WORK ITEM
Skip the images and repeat every entry word for word.

########

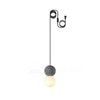Origo Pendant Swag Lamp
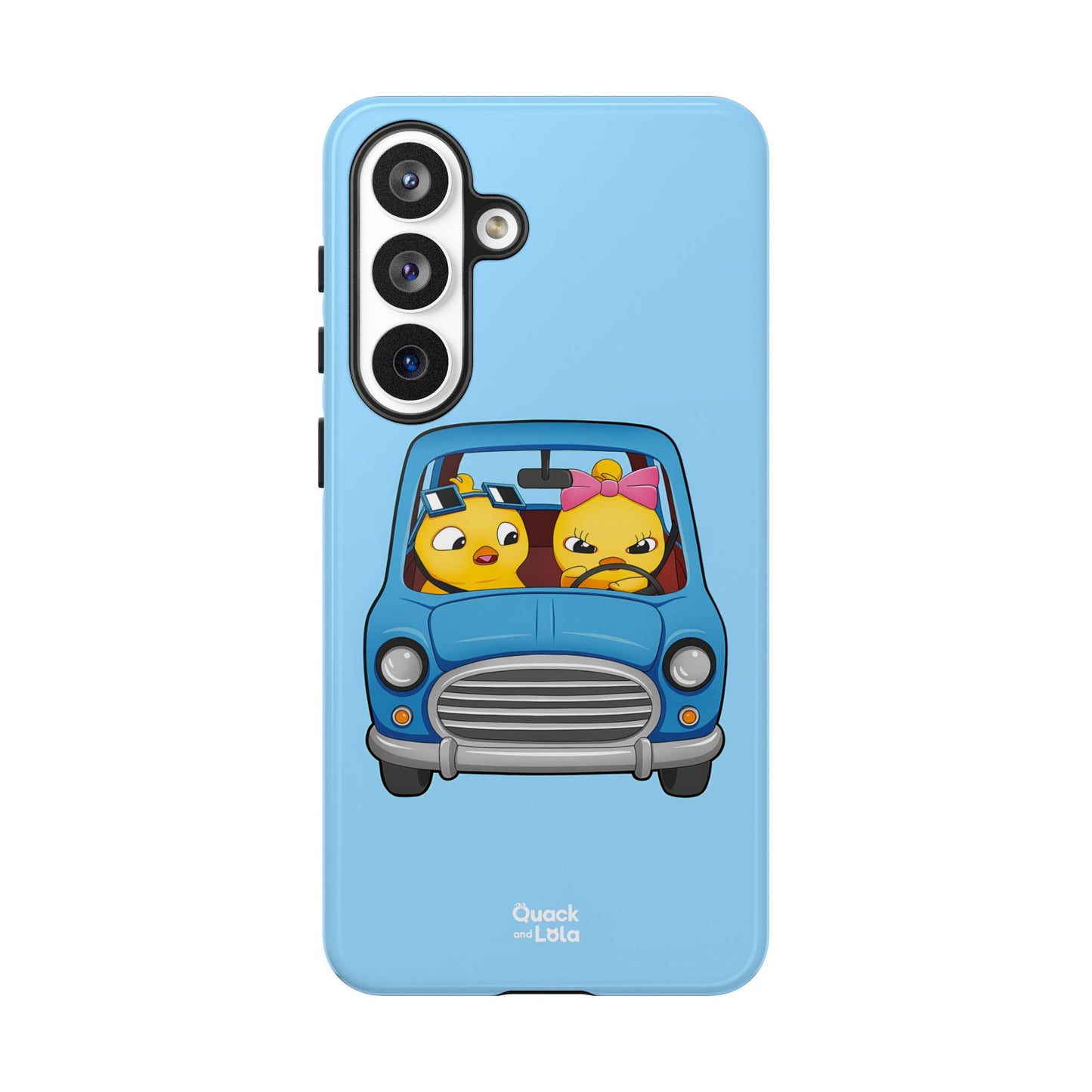 Road Trip Phone Case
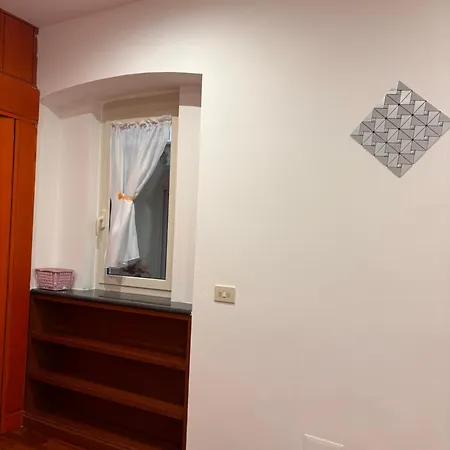 Monastero Flat * Napels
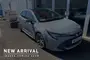 2020 Toyota Corolla 1.8 VVT-i Hybrid Design 5dr CVT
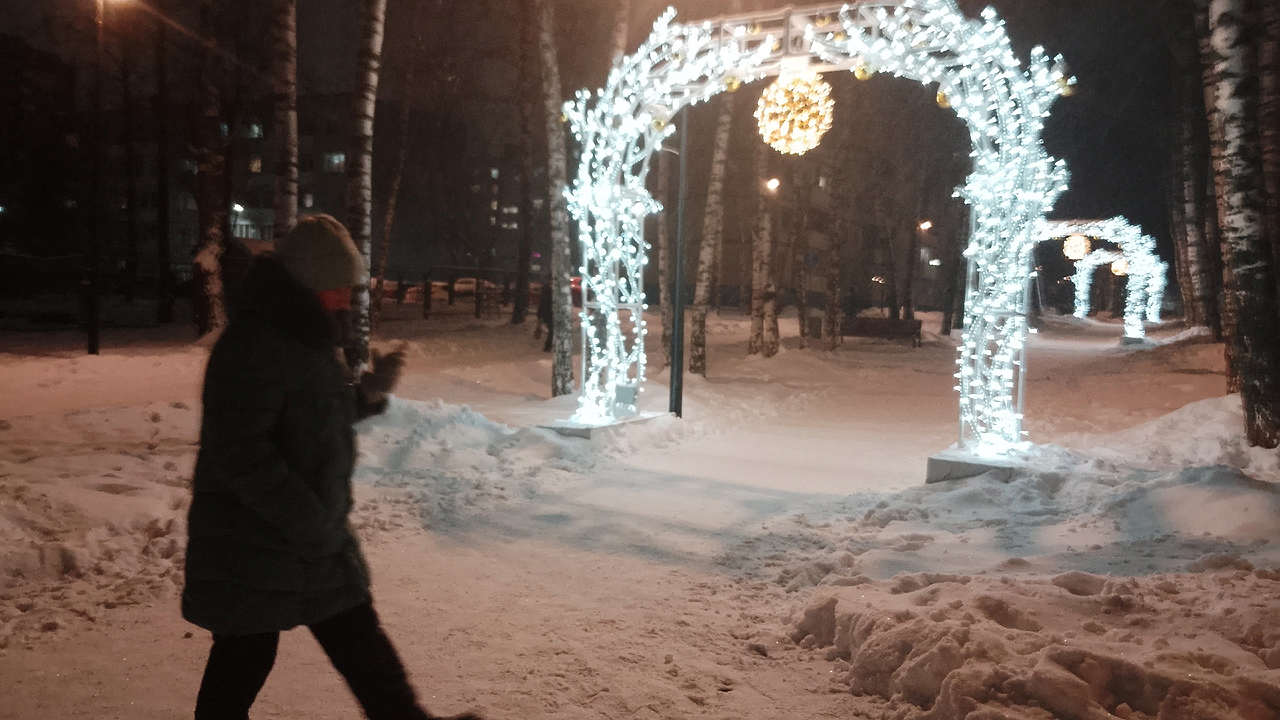 Главная картинка новости: Прежние данные оказались враньем: синоптики дали прогноз на март и апрель - аномальные морозы до -30, снег, жара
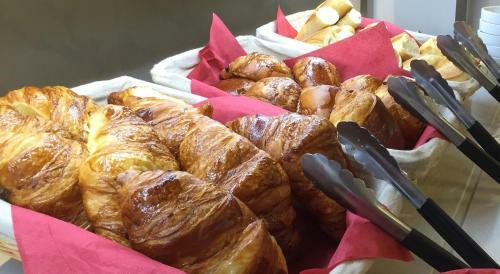 Brit Hotel Brive La Gaillarde - Restaurant La Limousine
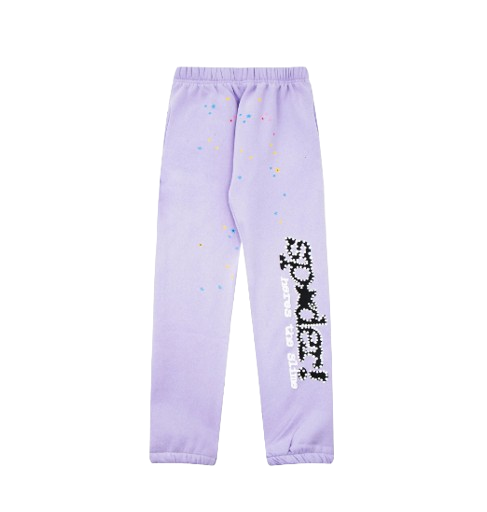 Sp5der Sweatpants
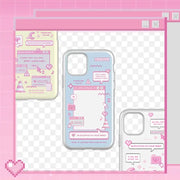 BlackPink - 6th Anniversary - iPhone / Galaxy Phone Cases - BlackPink - Phone Cases - Harumio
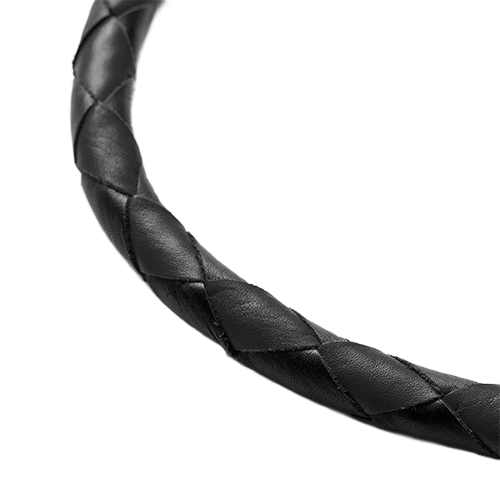 Black Leather Get Back Whip π€
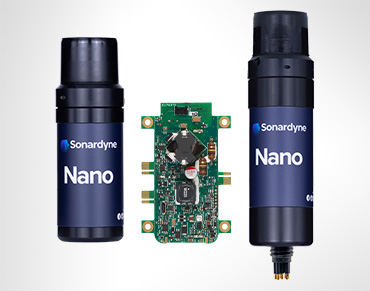 Nano Transponder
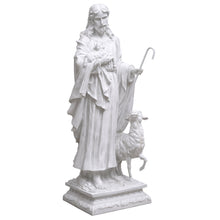 Load image into Gallery viewer, The Good Shepherd Statue

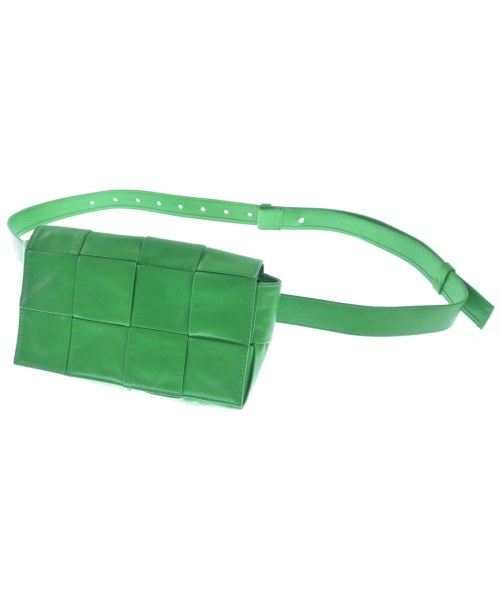 ボッテガベネタ(BOTTEGA VENETA)のBOTTEGA VENETA バッグ（その他）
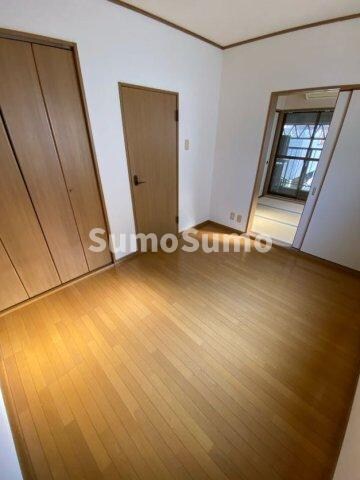 物件内観写真20　(使いやすいリビングです)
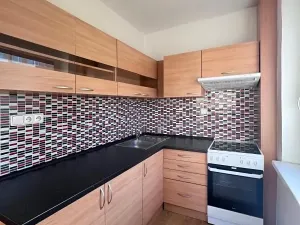 Pronájem bytu 2+kk, Most, Josefa Ševčíka, 41 m2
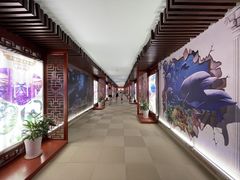 -中家鑫园温泉酒店鑫悦汤泉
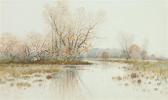 CHAFFEE Samuel R. Winding Creek CHAFFEE Samuel R. Winding Creek
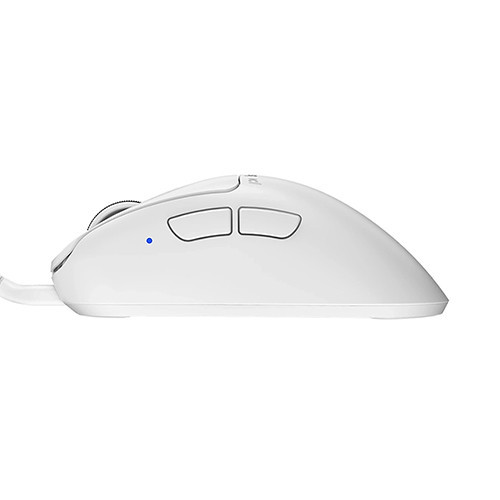 Chuột Pulsar có dây Xlite Wired Medium White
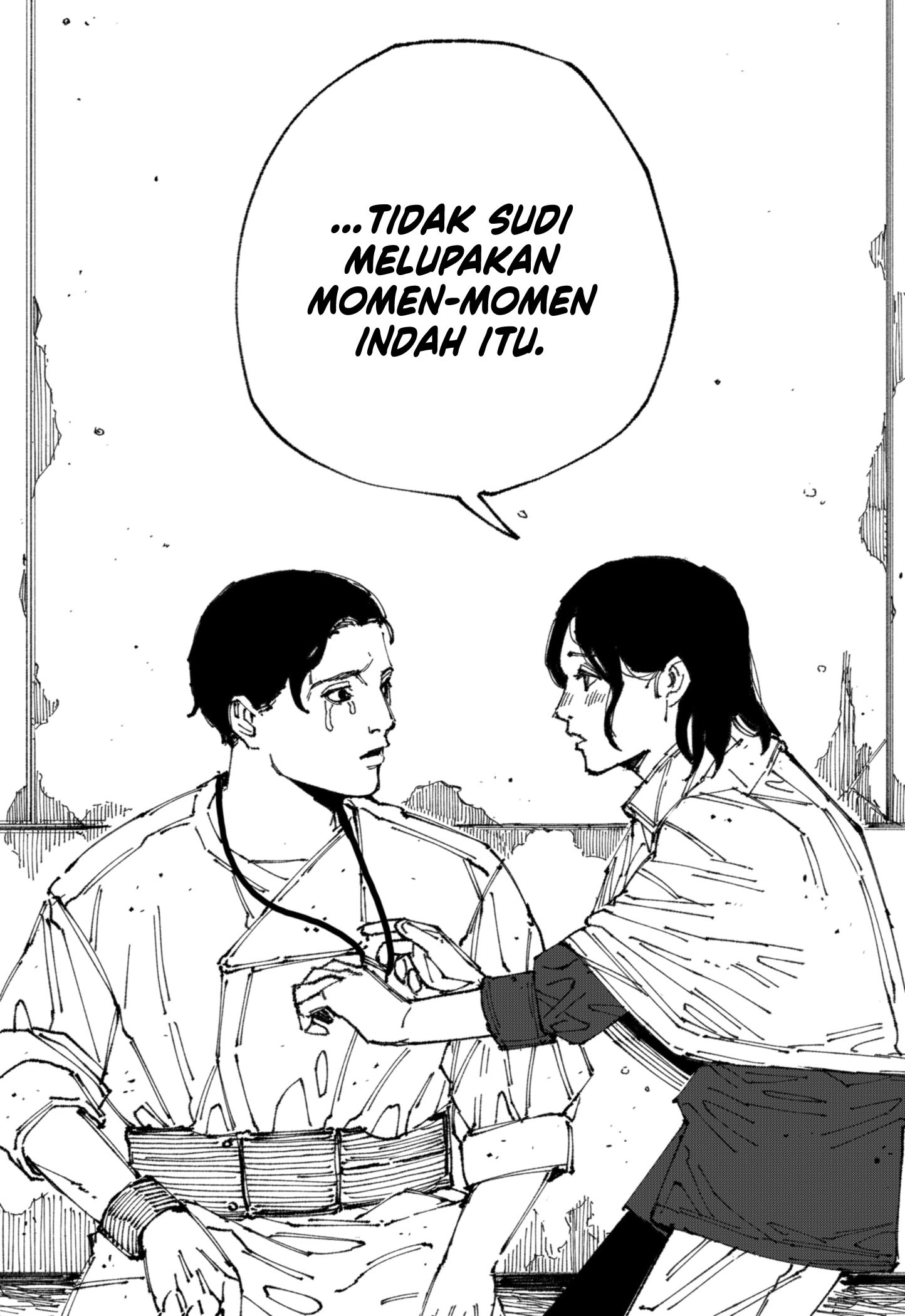 MAD (OOTORI Yuusuke) Chapter 01 Image 103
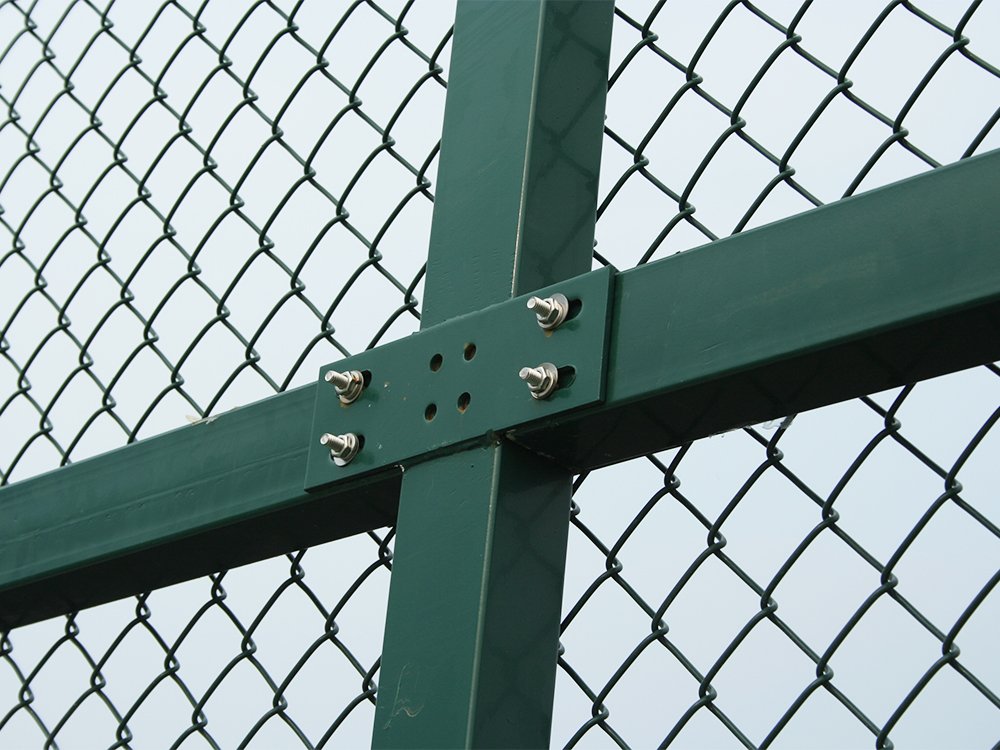 勾花護(hù)欄網(wǎng)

########

SOLUTION TO THIS PROBLEM
Origo Pendant Swag Lamp
 Road Trip Phone Case
 Monastero Flat * Napels
 2020 Toyota Corolla 1.8 VVT-i Hybrid Design 5dr CVT
 Главная картинка новости: Прежние данные оказались враньем: синоптики дали прогноз на март и апрель - аномальные морозы до -30, снег, жара
 Brit Hotel Brive La Gaillarde - Restaurant La Limousine
 Sp5der Sweatpants
 BlackPink - 6th Anniversary - iPhone / Galaxy Phone Cases - BlackPink - Phone Cases - Harumio
 Black Leather Get Back Whip π€
 Nano Transponder
 Load image into Gallery viewer, The Good Shepherd Statue

 ボッテガベネタ(BOTTEGA VENETA)のBOTTEGA VENETA バッグ（その他）
 物件内観写真20　(使いやすいリビングです)
 Pronájem bytu 2+kk, Most, Josefa Ševčíka, 41 m2
 -中家鑫园温泉酒店鑫悦汤泉
 CHAFFEE Samuel R. Winding Creek CHAFFEE Samuel R. Winding Creek
 Chuột Pulsar có dây Xlite Wired Medium White
 MAD (OOTORI Yuusuke) Chapter 01 Image 103
 勾花護(hù)欄網(wǎng)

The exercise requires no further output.